Au-delà de l'aspect environnemental, cette érosion des plages pourrait avoir des conséquences économiques importantes. Pour un pays comme la Tunisie dont le tourisme a toujours reposé essentiellement sur la douceur du climat et la splendeur des plages, en tant qu’atout majeur pour le secteur et les loisirs, l’enjeu est à la fois climatique, économique mais surtout humain.

Lutte contre les changements climatiques: des engagements a minima

Il incombe individuellement à chaque citoyen de s’adapter au changement climatique. Mais, toutes les composantes de l’Etat doivent également agir collectivement. Il est urgent que l’Etat prenne acte de l’ensemble des changements qui affectent l’environnement, qu’il réagisse face au changement climatique et qu’il adapte ses capacités. Le dérèglement climatique et les conditions météorologiques extrêmes auront de plus lourdes conséquences pour l’avenir. La Tunisie est alors appelée à développer une stratégie adéquate en vue de réduire les impacts négatifs de ces changements.

Pour l’expert, la Tunisie, signataire de l’Accord de Paris sur le climat de 2015, ne fait pas partie des grands émetteurs de gaz polluants, mais subit de plein fouet ses conséquences et elle se trouve contrainte à payer les pots cassés par des Etats drastiquement pollueurs et autrement plus avantagés. Les émissions polluantes de la Tunisie ne représentent, en effet, que 0.07% de l’ensemble des émissions à l’échelle mondiale.

Lors de la conférence ministérielle de la Cop26 à Glasgow (Ecosse), la délégation tunisienne conduite par la ministre de l’environnement, Leïla Chikhaoui, a indiqué que le pays a mis à jour sa contribution nationale au cours de l’année 2021, et a augmenté ses ambitions à travers la réduction de l’intensité carbone à 45 % en 2030 par rapport à 2010, et ce en comptant essentiellement sur ses propres moyens.

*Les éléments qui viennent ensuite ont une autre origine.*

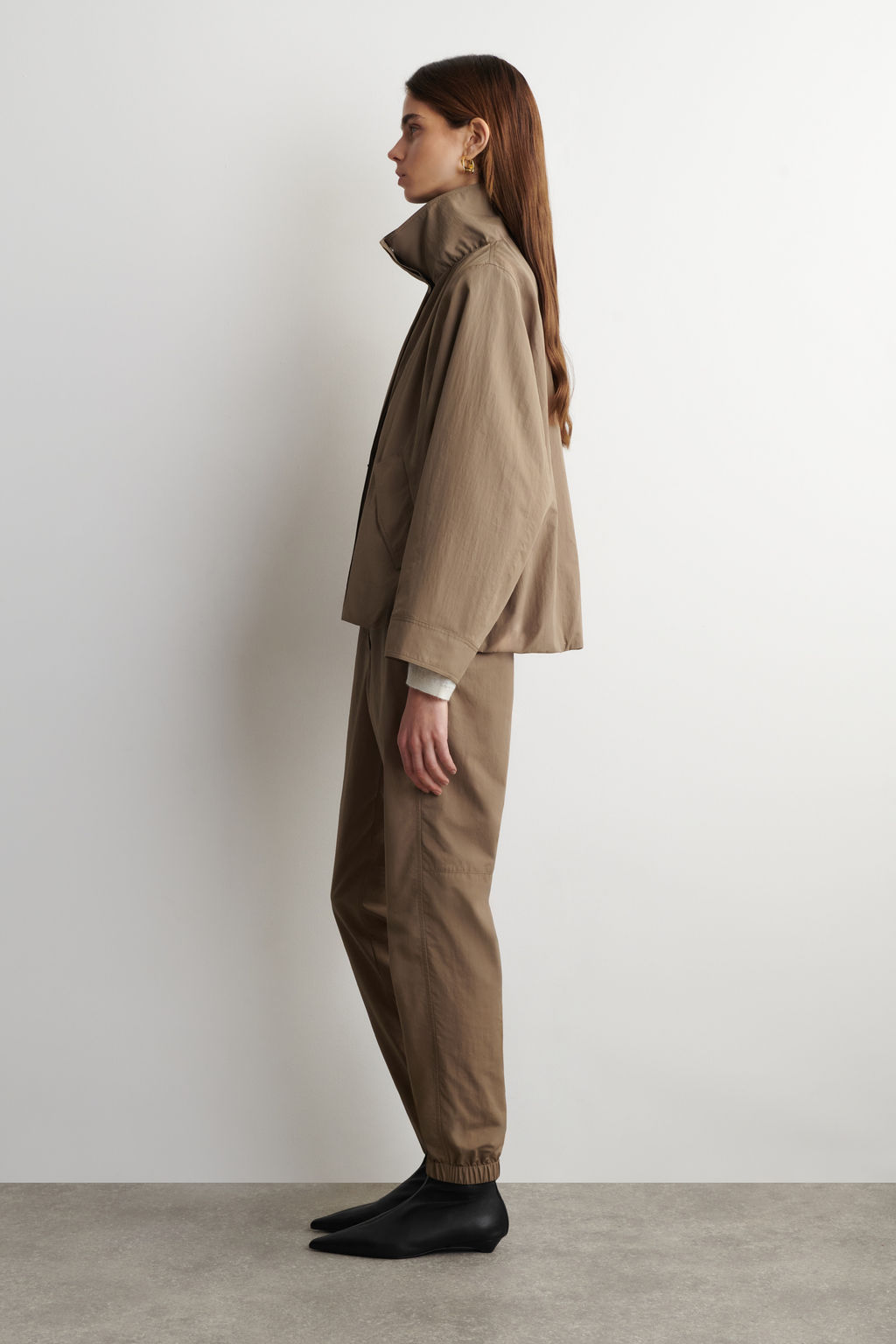 PANTAL?N T?CNICO BARREL EG DE NAILON - H&m фото 3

La responsable tunisienne a insisté que le parachèvement de ces objectifs requiert la garantie des financements convenus au congrès de Copenhague, tout en fixant un objectif international de financement à partir de l’année 2025, en renforçant les mécanismes de soutien technologique et en dotant les pays en voie de développement de moyens propres.

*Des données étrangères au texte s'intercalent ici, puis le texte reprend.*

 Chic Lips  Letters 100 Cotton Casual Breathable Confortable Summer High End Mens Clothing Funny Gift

Interrogé sur le rôle des ONG dans la lutte contre les dérèglements climatiques, Hentati a souligné que les actions des ONG sont louables mais demeurent limitées étant donné que ce sont les entreprises et les décideurs qui doivent agir et instaurer une stratégie efficace au niveau de chaque secteur économique.

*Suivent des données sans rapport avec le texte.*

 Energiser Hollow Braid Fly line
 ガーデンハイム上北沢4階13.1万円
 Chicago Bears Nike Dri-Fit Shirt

Dans ce contexte, Nicolas Planchenault, consultant dans le domaine des énergies renouvelables et du changement climatique pour le bureau d'études Kandeel, déplore, dans une déclaration à Anadolu, une faible compréhension du dérèglement climatique en Tunisie (ses causes, ses impacts, les mécanismes de lutte contre le phénomène...), le manque d'expertise conjugué à l'approche très normative et réglementaire de l'administration tunisienne sur ce sujet, ainsi que la lenteur du processus de la transition énergétique.

Il a, à ce propos, mis en avant le dynamisme de la jeunesse qui se mobilise pour le climat, en organisant des actions de reboisement, de nettoyage, de tri sélectif et de recyclage dans le but d’instaurer un mouvement vert solidaire et conscient et dans l'intention de pousser les citoyens à développer des comportements pro-écologiques. Il a souligné que la motivation des jeunes en faveur du climat doit être corollaire de moyens et d’outils qui vont leur permettre de passer de l’engagement associatif à l’action civile efficace et durable.

Ces initiatives restent tout de même incomplètes et insuffisantes en l'absence d'une véritable politique environnementale et de perspectives gouvernementales. Les pouvoirs publics se montrent malheureusement impuissants ou plutôt passifs, face au spectre d'une crise écologique redoutable qui plane.